Here is my theroy and well find out next season if I am correct. Also note that Catcapper says its the ittle things that mess you pay attention and fix them.

1) When I arrived at the ranch I went out calling the first day with the ranch owners son. I knew breeding season had started as we saw signs of pre estrus blood on the snow in a bitch coyotes track. Also when I switched from the first stand to coyote breeding vocalizations and coyotes started rolling in, 2 in the next two stands. Okay I established breeding was starting.

2) Hearing that one week prior a calf was eaten in one night I assumed the up to 20 coyotes were on the flats. In my tent I could hear breeding and mating cries confirming "some" coyotes were on the flats near me.

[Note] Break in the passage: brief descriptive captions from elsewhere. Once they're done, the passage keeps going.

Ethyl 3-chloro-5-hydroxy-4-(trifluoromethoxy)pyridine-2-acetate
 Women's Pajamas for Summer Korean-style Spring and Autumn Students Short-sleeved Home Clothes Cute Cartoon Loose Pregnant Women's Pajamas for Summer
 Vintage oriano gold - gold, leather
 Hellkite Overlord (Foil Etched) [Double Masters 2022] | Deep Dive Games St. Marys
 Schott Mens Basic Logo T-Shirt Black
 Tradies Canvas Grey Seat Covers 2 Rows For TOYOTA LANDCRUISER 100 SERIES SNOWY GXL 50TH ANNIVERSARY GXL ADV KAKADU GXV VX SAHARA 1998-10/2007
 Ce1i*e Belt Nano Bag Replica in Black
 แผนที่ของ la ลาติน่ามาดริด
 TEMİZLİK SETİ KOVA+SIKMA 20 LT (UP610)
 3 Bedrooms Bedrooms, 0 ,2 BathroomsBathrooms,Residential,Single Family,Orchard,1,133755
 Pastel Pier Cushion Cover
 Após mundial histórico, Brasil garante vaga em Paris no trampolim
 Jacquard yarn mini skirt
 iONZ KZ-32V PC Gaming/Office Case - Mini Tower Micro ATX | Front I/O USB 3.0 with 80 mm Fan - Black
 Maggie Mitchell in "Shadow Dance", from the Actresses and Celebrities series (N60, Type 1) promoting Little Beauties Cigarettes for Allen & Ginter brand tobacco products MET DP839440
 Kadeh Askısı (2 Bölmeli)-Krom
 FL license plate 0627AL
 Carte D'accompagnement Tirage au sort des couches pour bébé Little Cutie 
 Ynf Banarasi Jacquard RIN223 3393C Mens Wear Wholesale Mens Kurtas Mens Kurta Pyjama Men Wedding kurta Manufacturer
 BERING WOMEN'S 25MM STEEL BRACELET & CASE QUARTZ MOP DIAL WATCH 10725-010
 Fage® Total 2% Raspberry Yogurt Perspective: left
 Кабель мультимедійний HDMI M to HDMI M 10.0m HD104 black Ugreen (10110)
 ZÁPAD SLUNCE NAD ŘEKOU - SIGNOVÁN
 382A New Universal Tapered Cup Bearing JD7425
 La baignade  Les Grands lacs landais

Read what Ia ma saying...I missed the fact that coyotes in Mid January through Denning...often leave open flat areas for "cat" country type habitat. They do this because most flat open areas this time of the year are void of mice and kangaroo rats. Also flatland jackrabbit populations have been depleted. Thus they head to wind breaks and high ground where cottontails hang out. IE: "Cat" country.

So caught up with calves being eaten, one days calling and compacted sign along the river probably made by 2 to 3 adults already establishing breeding territory I focused on these areas.

All why my eyes saw great sign in Cat country no more then 15 miles away. All why I jumped out the truck to pick up coyote scate for next season from the road. (some two coffee cans full). All why my steel trap to snare ratio was lopsided. To many traps to little snares.

In all of this gibberish I messed up. I messed up because even after 900lbs of calf carcusses remained untouched for two week, sign everywhere, yotes calling to themselves and me calling tom them with breeding sounds.....I FAILED TO SEE COYOTES WERE ON THE MOVE!

Had I pulled my head out of my but I would of followed O'Gormans advise and something I knew from 40 years prior. Switch from steel and bait sets to snares. Just that simple.

As a result of not putting out 100 to 200 snares I estimate I did not make an easily obtained $6500 or more.

Trust me; next seasons plan for the area I trap. All steel will be pulled around Dec 10th like O,Gorman states in his book and wire will be put out n trails. The only exception is Mid January when the forest is void of people and I will run a short line of flat sets with drags along 30 miles of roads.

I know this is long winded but I encourage all new trappers to read it as "their are no bad trappers, just trappers that cannot overcome their mistakes."

Thanks to O'Gorman's book in helpng me solve this very simple but frustrating issue.

Larry


----------



## Ruger (Jan 22, 2011)

Very good info. I'm learning myself on the use of snares with some success. I think with more time and what I learn in the field as the more snares I use, my success with them will only get better.


----------



## Larry (Dec 2, 2010)

To be honest I need to make more 5 foot kill poles about 200 more, a heck of allot cheaper then Ram Power Springs

.......dang my summer is going to be full!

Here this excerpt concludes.